## What you should do
Begin at the line containing "Lateral português Diogo" and retype each line through the end of the records exactly. Include nothing else and no pictures.

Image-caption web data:
-*-*-

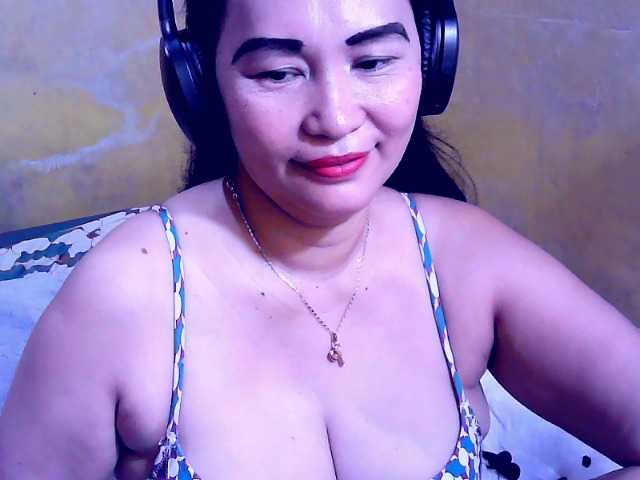 Carmela4u live cam on BongaCams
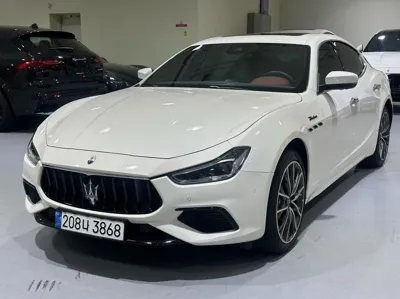 Maserati Ghibli · 2023 год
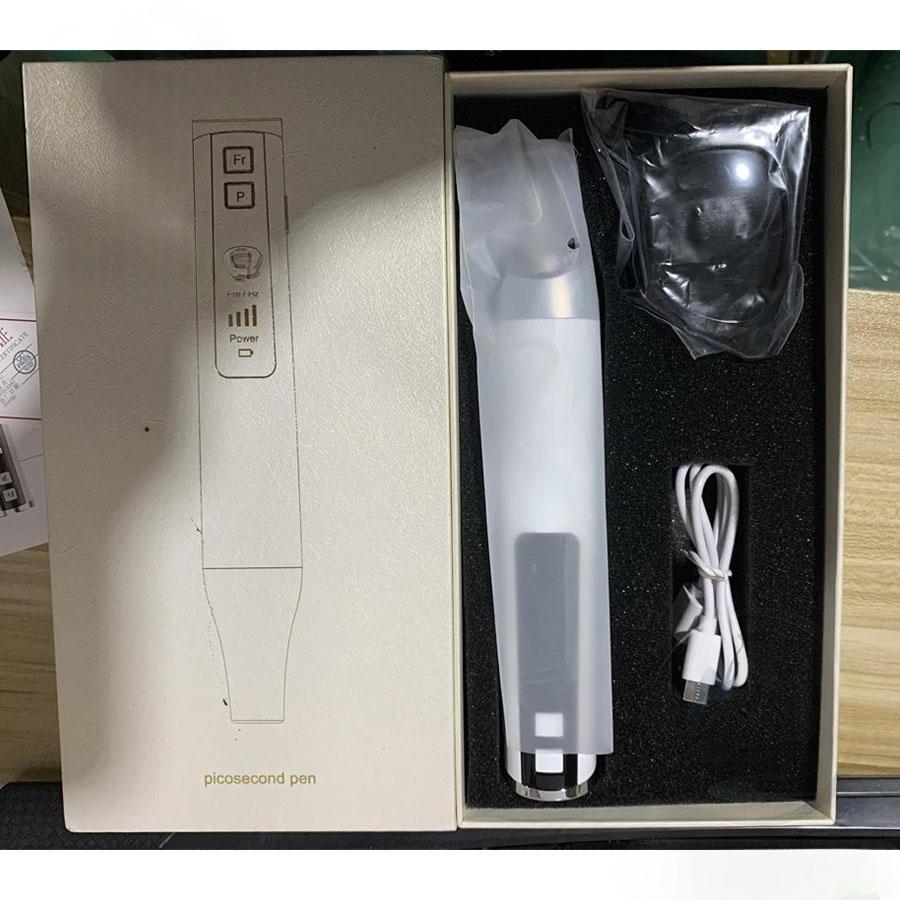 価格依頼変更中【美品】ピコレーザー美顔器 PICOSECOND DEVICE 価格依頼変更中【美品】ピコレーザー美顔器 PICOSECOND DEVICE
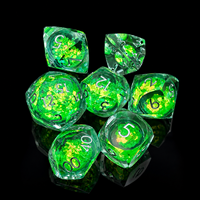 1 pièce Ensemble de dés polyédriques DND en résine faite à la main, écologique, à cœur liquide, à facettes, vert vif scintillant et lumineux, à bords tranchants, pour le jeu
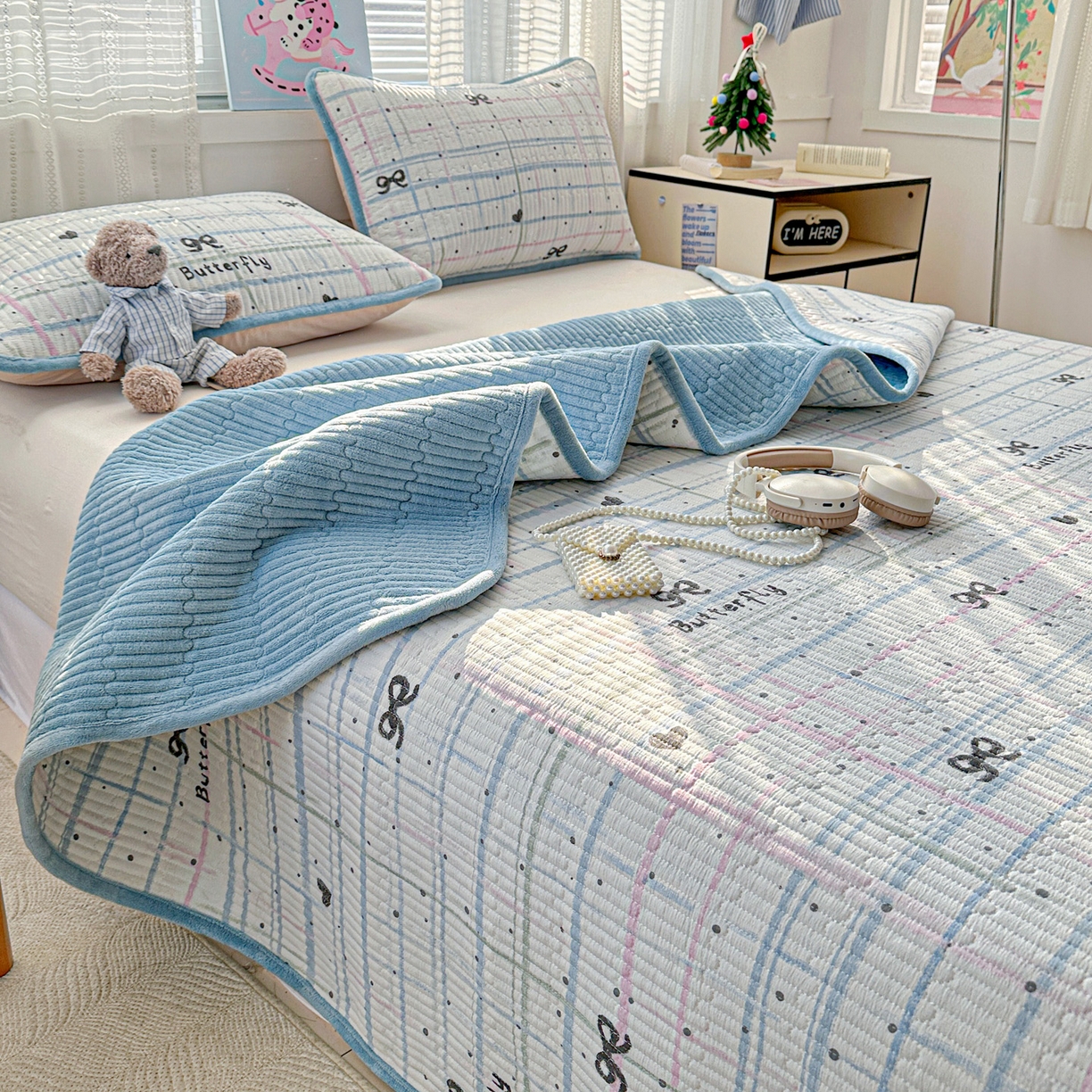 91家纺网 家纺一手货源 找家纺 恒尚居 2026新款A双层纱B牛奶绒床盖双面两用夹棉床单学生床垫床褥子系列二 蓝调【A双层纱-B牛奶绒】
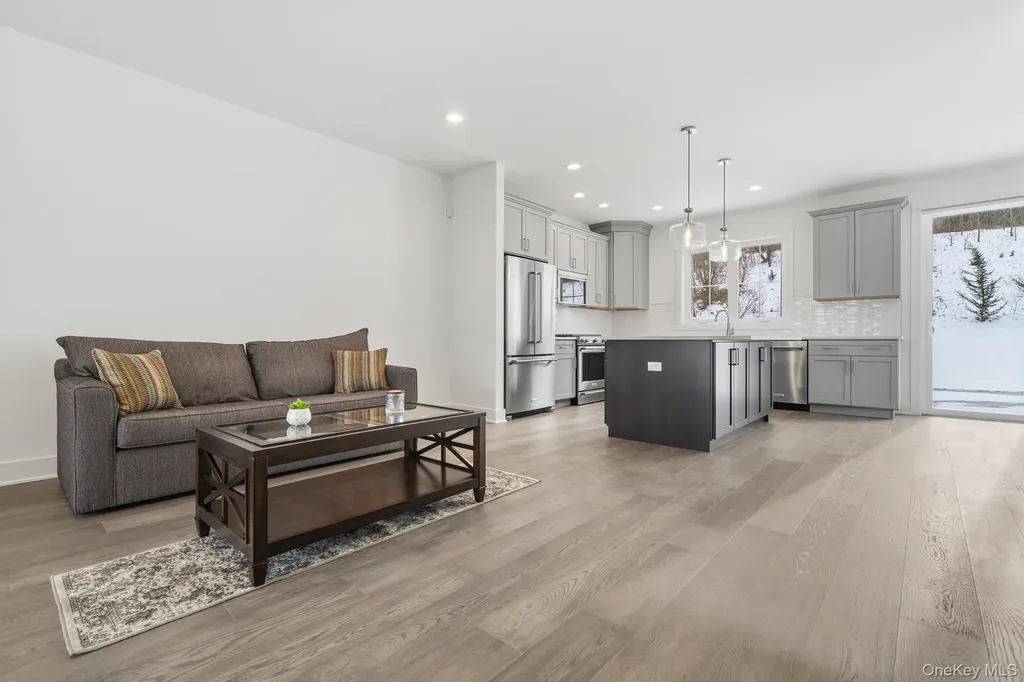 4034 Chestnut Ridge Road Fishkill NY 12524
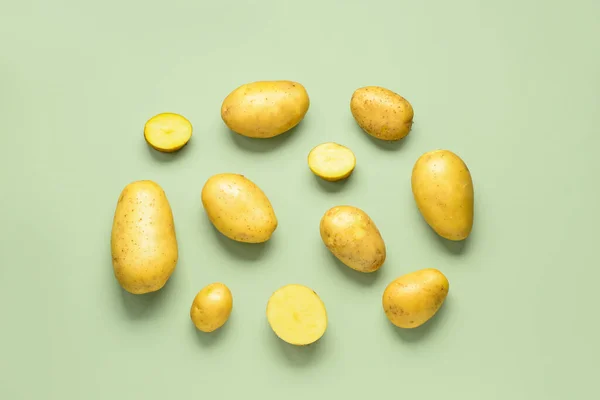Raw Potatoes Green Background — Stock Photo, Image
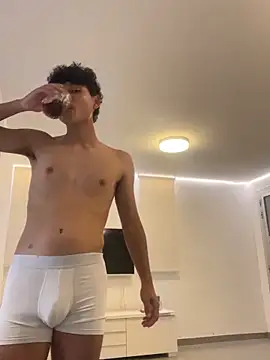 Snapshot of OnlyTyroone chatting on April 7, 2026, 7:03 pm OnlyTyroone online show from April 7, 2026, 7:03 pm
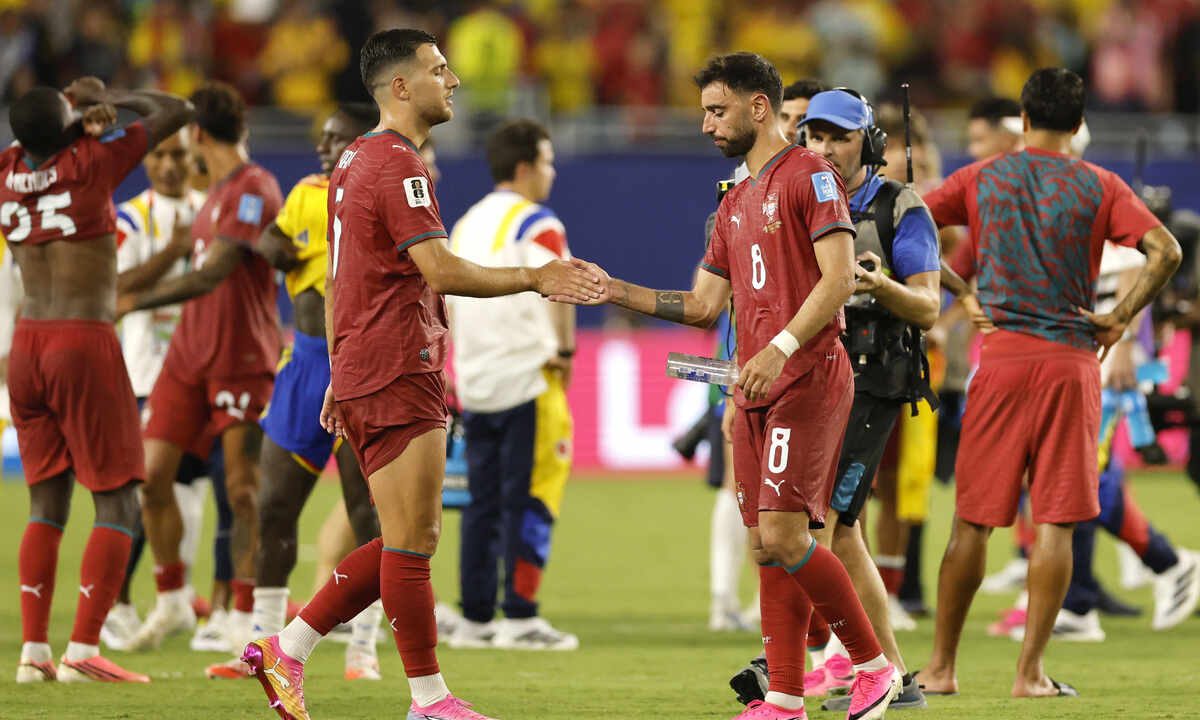 Lateral português Diogo Dalot foca em jogo contra Croácia após empate com Colômbia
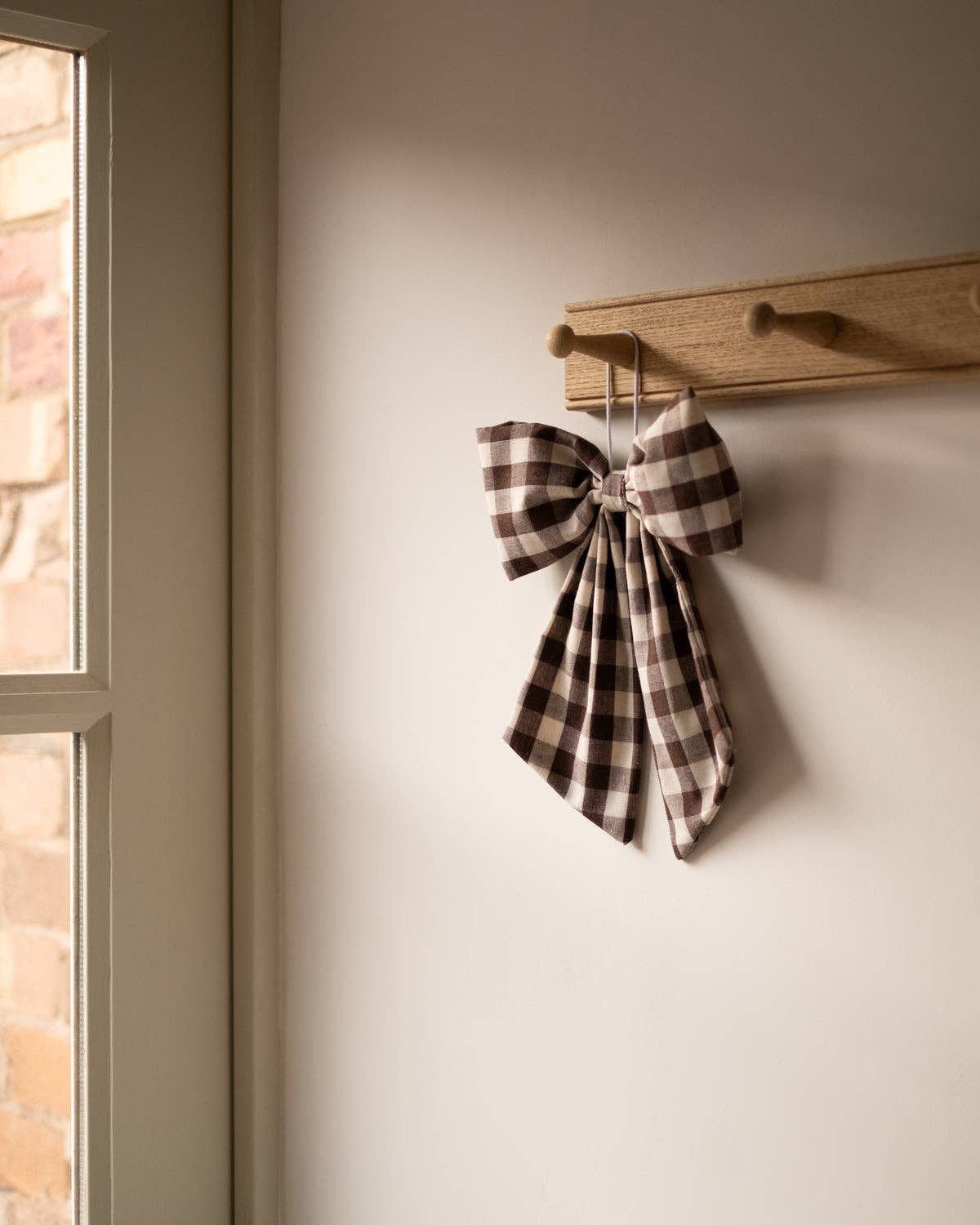 Hudson Home - Wholesale Ornament - Cream and Brown Gingham Hanging Bow2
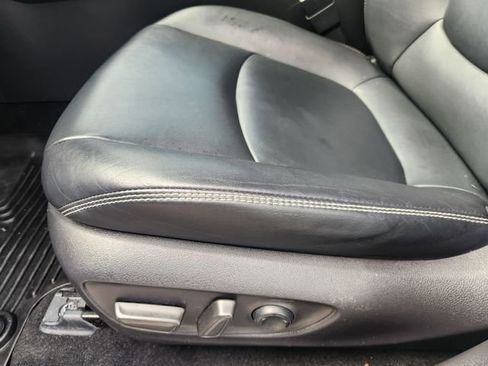 Used 2020 Toyota RAV4 Limited image 18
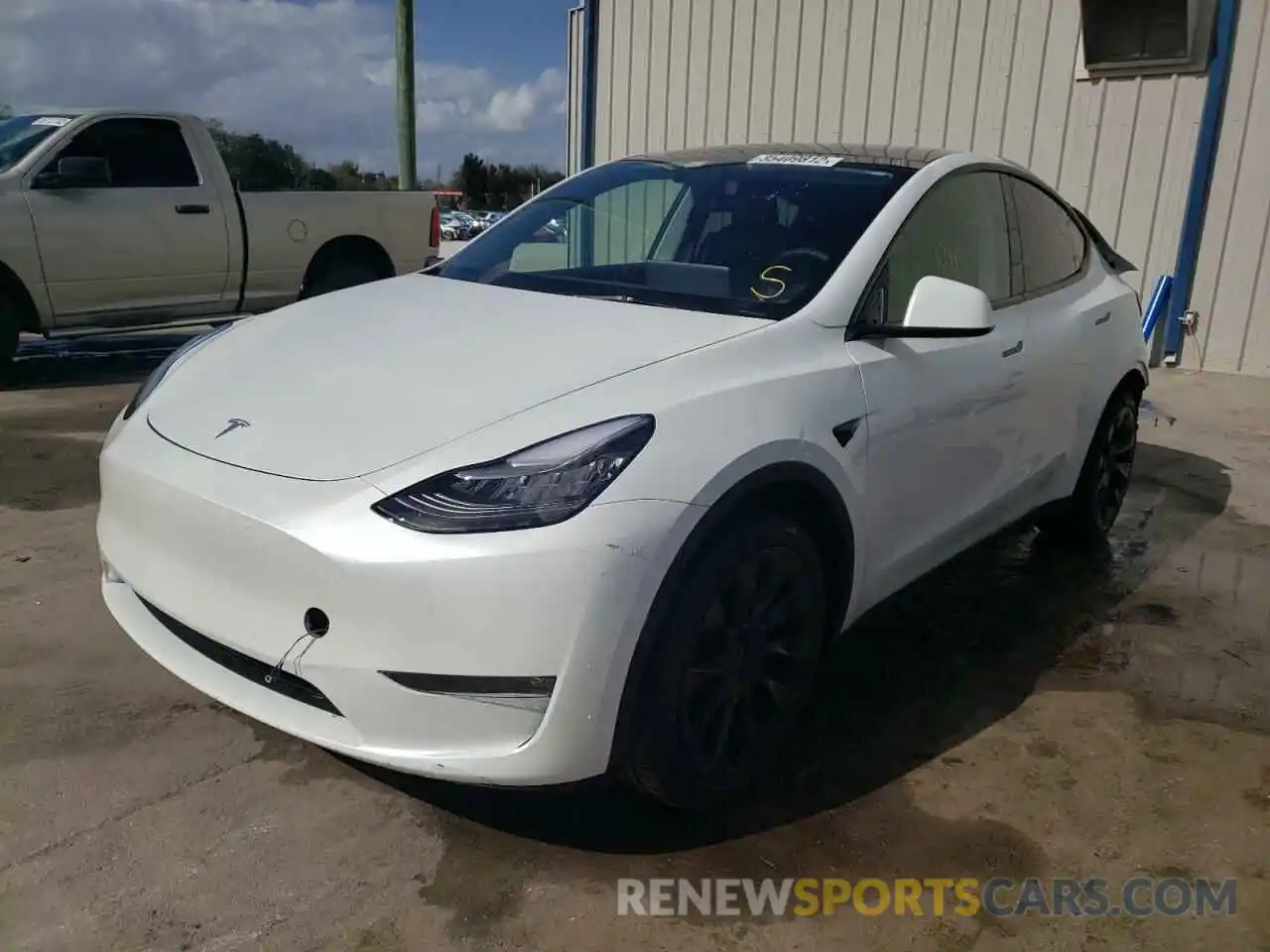 2 Photograph of a damaged car 5YJYGDEE4MF125620 TESLA MODEL Y 2021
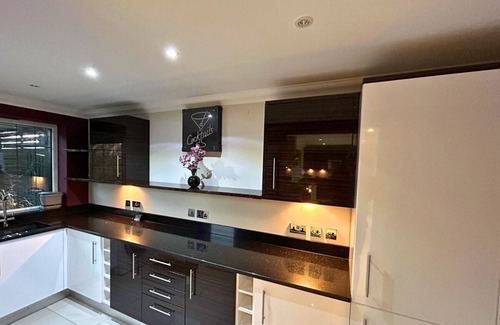 Binfield Chalet De Esquí | Binfield: Beautiful Five Bedroom (Three Bath) House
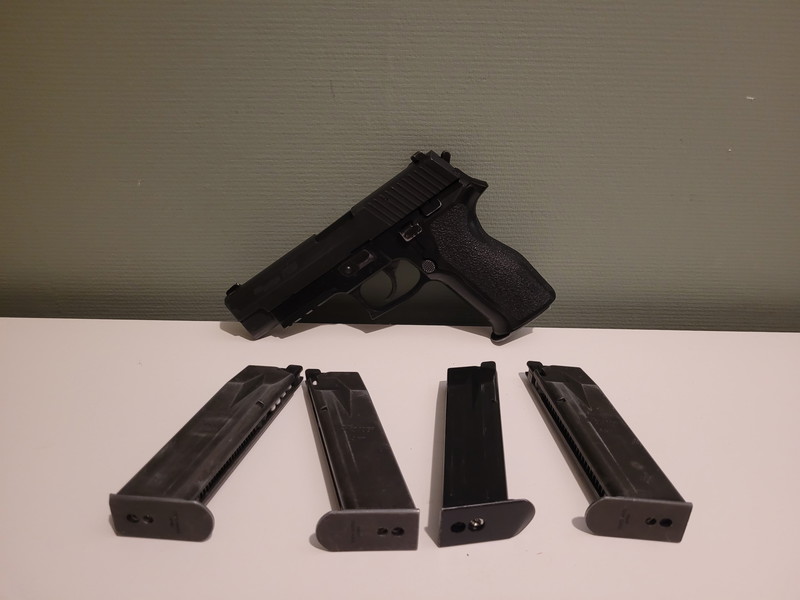 Image 1 for Tokyo Marui P226 met 5 mags, holster en 2 donor pistols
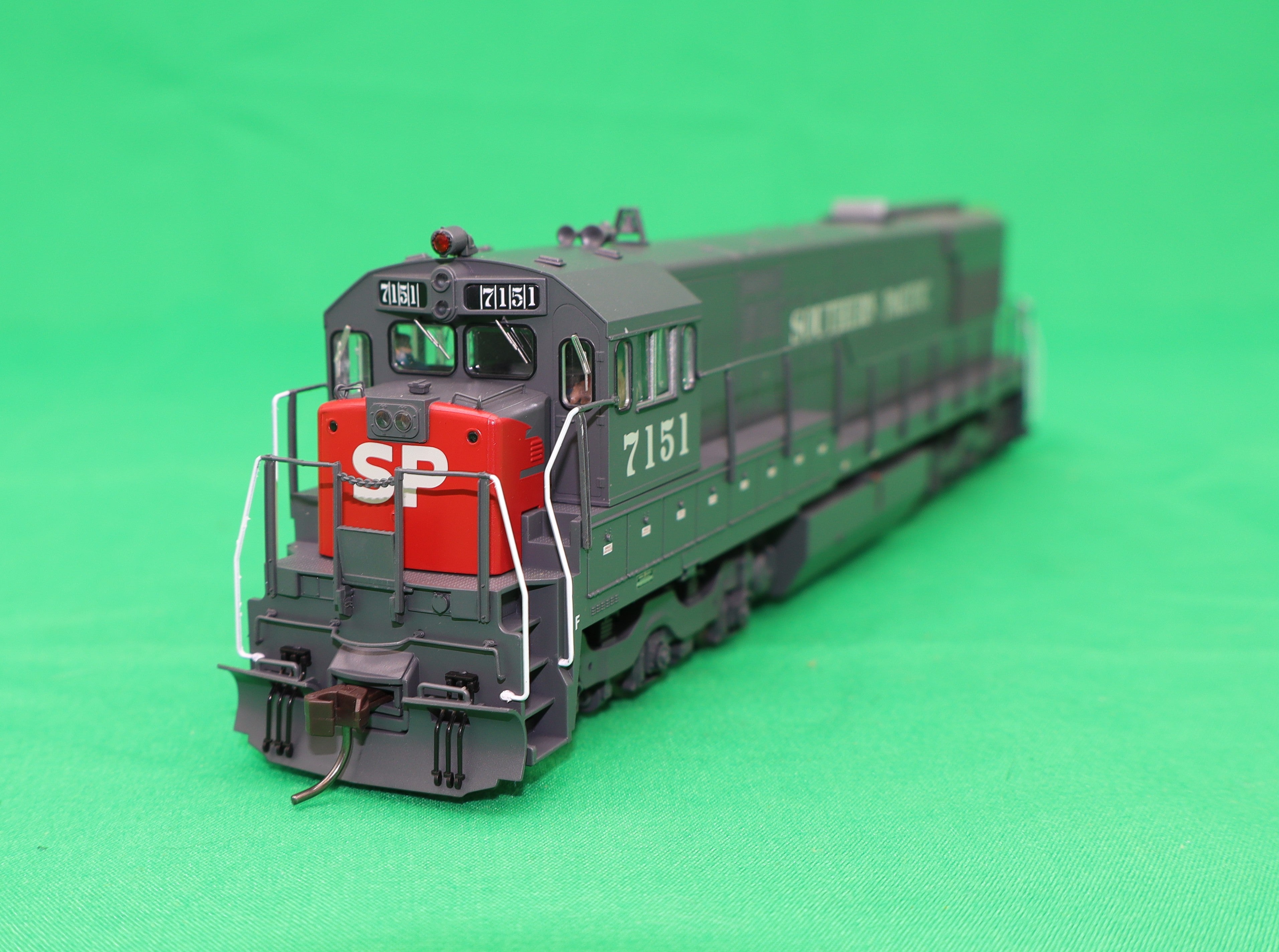 Atlas HO 10004618 - Master - Gold Model - U28C Diesel Locomotive "Southern Pacific" #7151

-*-*-

## Answer
 Lateral português Diogo Dalot foca em jogo contra Croácia após empate com Colômbia
 Hudson Home - Wholesale Ornament - Cream and Brown Gingham Hanging Bow2
 Used 2020 Toyota RAV4 Limited image 18
 2 Photograph of a damaged car 5YJYGDEE4MF125620 TESLA MODEL Y 2021
 Binfield Chalet De Esquí | Binfield: Beautiful Five Bedroom (Three Bath) House
 Image 1 for Tokyo Marui P226 met 5 mags, holster en 2 donor pistols
 Atlas HO 10004618 - Master - Gold Model - U28C Diesel Locomotive "Southern Pacific" #7151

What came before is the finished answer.